Business

Technology continues to change the way we do business

Paul McErlean

I DON'T remember exactly when I started using email, but when I did, it fundamentally changing my working life. Nobody under the age of 35 in my office believes me when I tell them that, in the old days, we would get a professional photograph taken for the newspapers and magazines, get seven or eight prints sent round to our office by courier from the photographer and at that point, we would type up a caption and then Sellotape it on to the back of the print. These were again given to the courier, who was usually on a motorbike, to bring around to the offices of the various publications, including The Irish News, to be hopefully printed in the following day's newspaper.

Meanwhile, the press release to accompany the photograph would have been typed up and printed off and sent by that museum piece of technology, the fax machine, to the newsrooms around Belfast. Before fax machines, the press releases were sent the same way as the photos - by bike or on foot. It was handy in those days that the three main newspapers in Belfast were within 100 yards of each other.

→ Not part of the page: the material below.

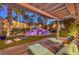 Resort-style backyard oasis with lush landscaping, pergola, and luxurious lounge chairs at 9135 Hickam Ave, Las Vegas, NV 89129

Only The Irish News remains in that corner of the city centre still.

The beginning of email also brought the ability to electronically attach photos and that meant a pretty large loss of business for courier companies around the world. The photographers lost some business too because no prints were needed any more. Email fundamentally changed how we communicate with the media and that has continued to evolve as the media has changed also - printed editions are just one part of how news organisations deliver to their audiences now.

Websites and social media such as Facebook, Twitter and Instagram are all being used now and that means the PR industry is delivering far more video, graphics, animation and much more varied photography in comparison to the big cheque and the handshake shots of before, the ‘grip and grin' shot as it was not-so-affectionately known. I was reminded of this speed of change on Friday past when we had one of our ‘Innovation' sessions at our office.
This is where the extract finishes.